The physician recruitment and retention committee works with a $150,000 budget, funded equally by the hospital and the municipality.
Community Development Officer Kira Mees serves as the staff liaison and works closely with Haddow.
The two of them also attend recruitment job fairs to promote physician practice opportunities in Trent Hills. Last year they went to three job fairs, which had been on hold throughout the pandemic.
Mees said “all communities are struggling” with the “human resources crisis” in health care and her role as “community cheerleader” is to promote Trent Hills as the place “where you want to live and work and play.”
The hospital hosted its first Rural Medicine Week in 2002 and continued to do so until 2014.
“It’s a lot of work to actually put together a week like this,” where you have a full schedule and physicians are willing to have students “shadow them,” Haddow said.
It’s “a great learning opportunity” for them, acquiring skills they will use in their studies and later in their careers. ”We’re just planting the seeds of knowledge right now,” she said.
“We’re all very grateful that so much effort was put into this for us,” one of the students, Adrian Salopek, said.
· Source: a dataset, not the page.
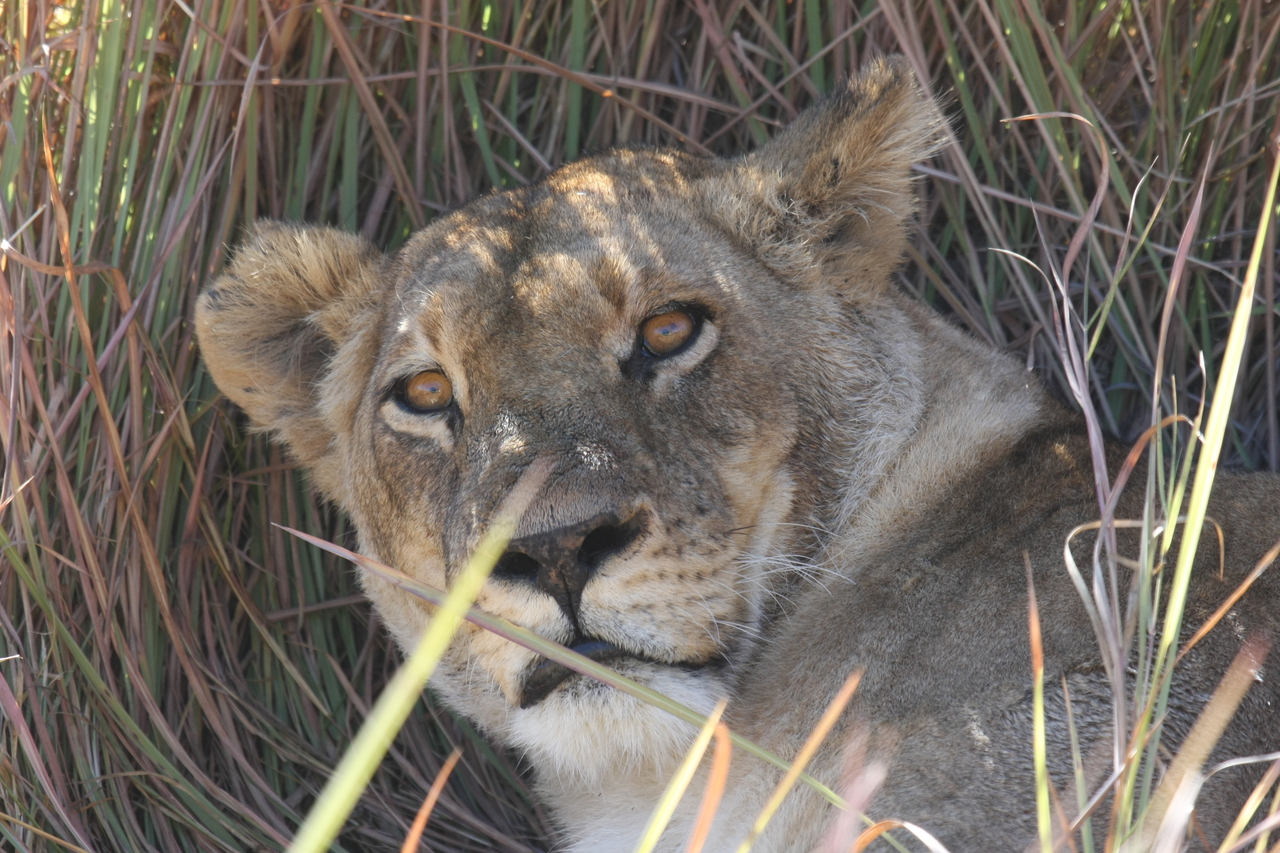 [18711] 2016_06_28_04_16_01_Africa_Canon_EOS_40D_IMG__02720.jpg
He and the others felt “very welcomed by everyone here.”
Shadowing the doctors was a real learning experience, much different from being taught in the classroom, he said. “It sticks with you and you know exactly how to do it next time.”
(The workshop on suturing involved sewing up incisions made in pigs’ feet.)
Salopek hasn’t settled on a career path as yet – family medicine and dermatology being two of his options – but his experience during the week will play a part in helping him to decide, he said.
There are pros and cons to working in big cities and small communities, he said, but “it’s definitely growing on all of us the possibility” of working in places where it’s “calmer” and not as “fast-paced.”
Cara Pilgrim already has her mind made up.
“Definitely rural medicine is where I want to be, so most likely that’ll be family medicine of some sort. But we’ll see.”
She said the week had been “amazing” and she appreciated the opportunity the students had been given to see up close “the different roles that a physician has in a rural community.
“It’s been great to be able to experience how diverse it is in the medical practice here,” she said.
She was also impressed by the community: “I didn’t know how much I would love Campbellford,” she said.”
Trent Hills might want to tweak its motto during Rural Medicine Week.
Come for a visit. Stay for a career.
“I have a feeling we’ll see them return at some point during their residency or future career!” Haddow said in an email afterwards.